▶ [WHAT YOU NEED TO DO]: Retype the data exactly, skipping any picture in it.

═════ DATA SHOWN

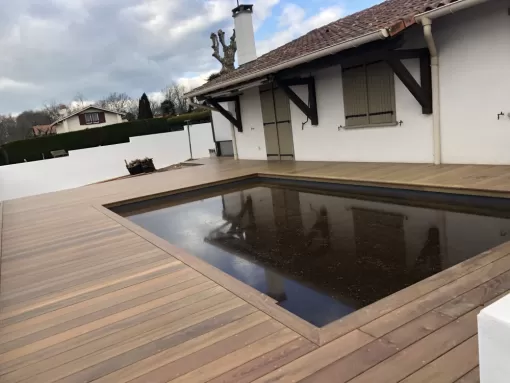 Construction d’une terrasse bois en IPE sur mesure à Anglet, Orthez, NR Construction Bois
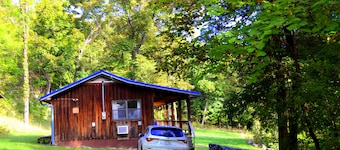 Buffalo River Nature Cabin — Lush Green Hills, Calm Winds, and Endless Serenity.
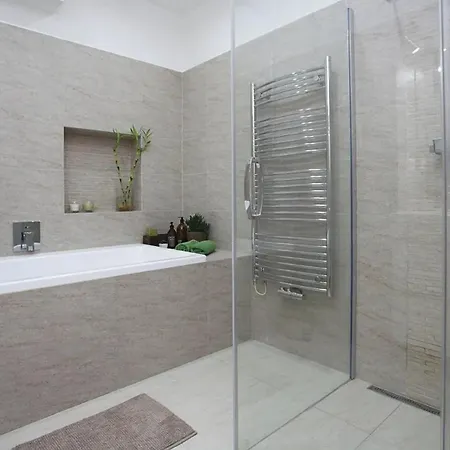 Appartement Base Ideale Per Esplorare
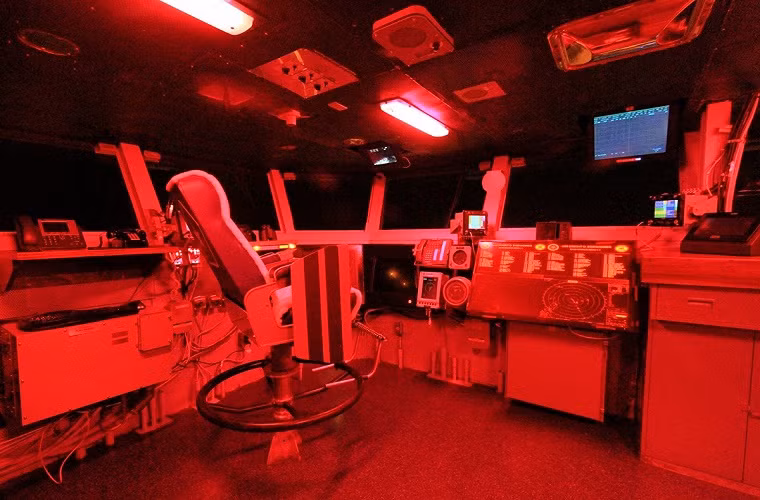 Một góc tháp điều khiển trên tàu sân bay USS Eisenhower khi về đêm.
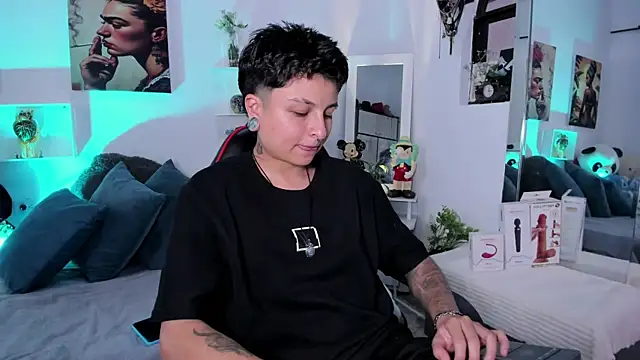 Zury Ramirez online show from January 16, 8:24 pm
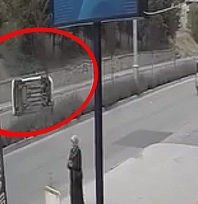 Elazığ'da araç yan yattı o anlar kamerada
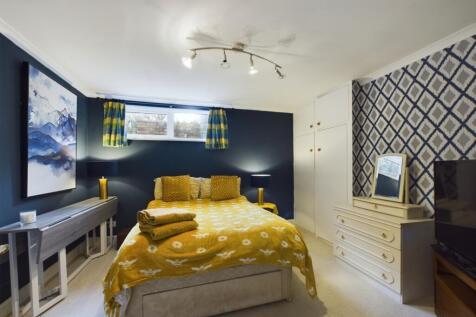 CAM02313G0-PR0064-STILL010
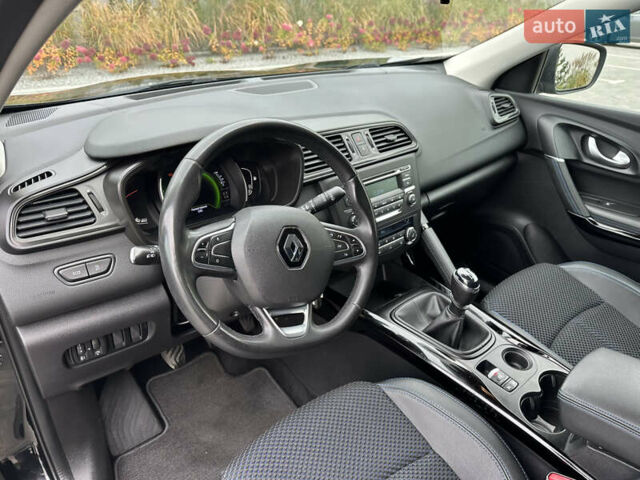 Черный Рено Kadjar, объемом двигателя 1.5 л и пробегом 216 тыс. км за 16700 $, фото 25 на Automoto.ua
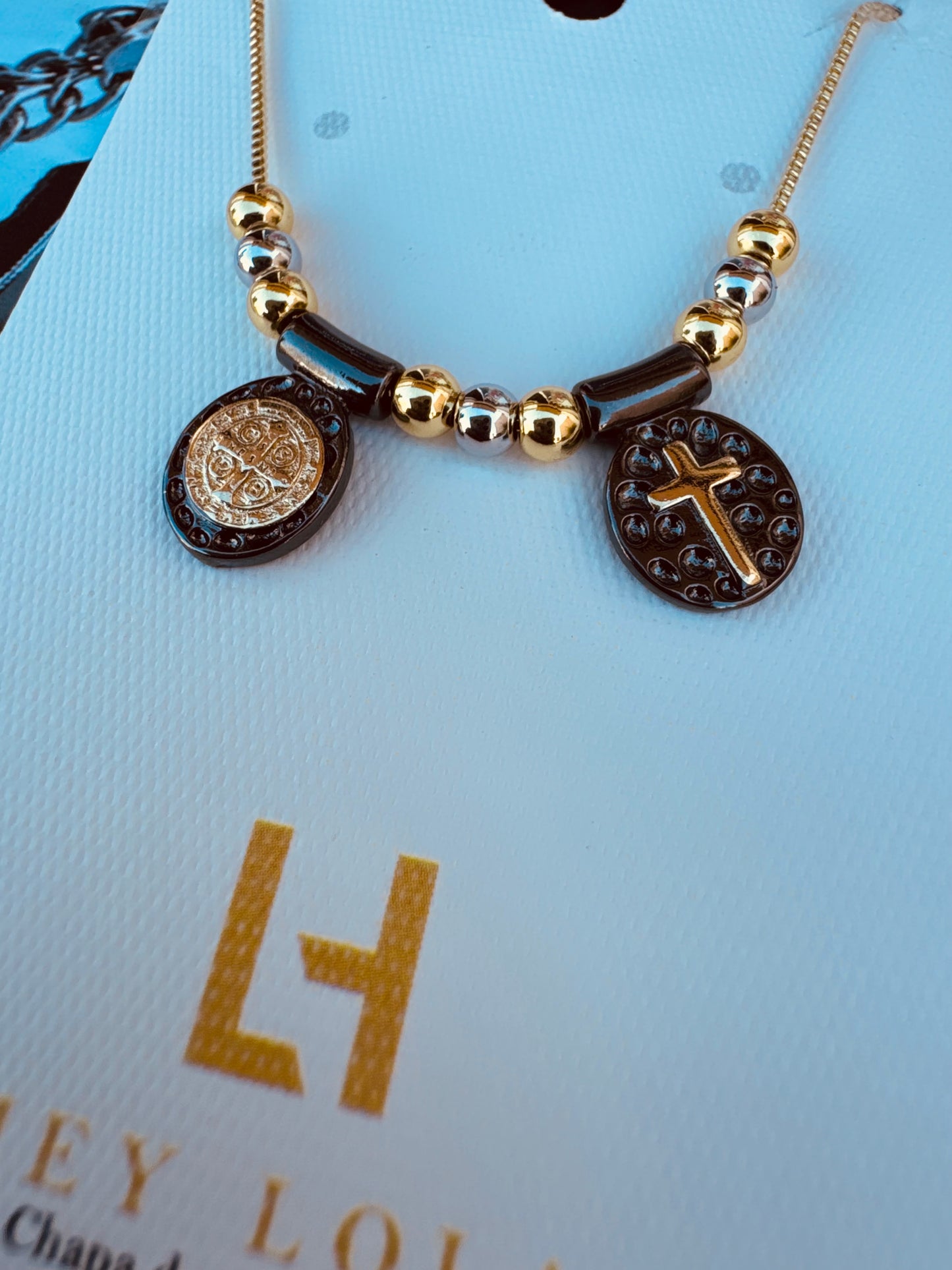 Collar Virgencita y San Benito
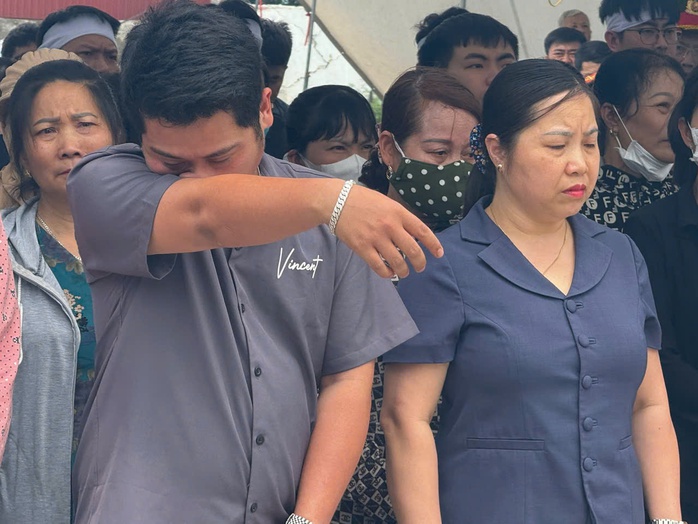 Nghẹn ngào tiễn đưa Thiếu tá Nguyễn Đăng Khải về đất mẹ- Ảnh 4.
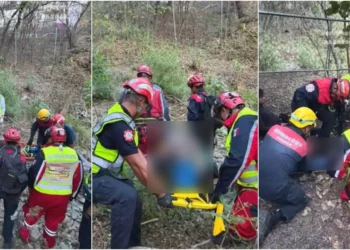 El Heroico Cuerpo de Bomberos utilizó equipo especializado para extraer a los lesionados del barranco de 20 metros de profundidad.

══════════

▶ [EXPECTED ANSWER]:
 Construction d’une terrasse bois en IPE sur mesure à Anglet, Orthez, NR Construction Bois
 Buffalo River Nature Cabin — Lush Green Hills, Calm Winds, and Endless Serenity.
 Appartement Base Ideale Per Esplorare
 Một góc tháp điều khiển trên tàu sân bay USS Eisenhower khi về đêm.
 Zury Ramirez online show from January 16, 8:24 pm
 Elazığ'da araç yan yattı o anlar kamerada
 CAM02313G0-PR0064-STILL010
 Черный Рено Kadjar, объемом двигателя 1.5 л и пробегом 216 тыс. км за 16700 $, фото 25 на Automoto.ua
 Collar Virgencita y San Benito
 Nghẹn ngào tiễn đưa Thiếu tá Nguyễn Đăng Khải về đất mẹ- Ảnh 4.
 El Heroico Cuerpo de Bomberos utilizó equipo especializado para extraer a los lesionados del barranco de 20 metros de profundidad.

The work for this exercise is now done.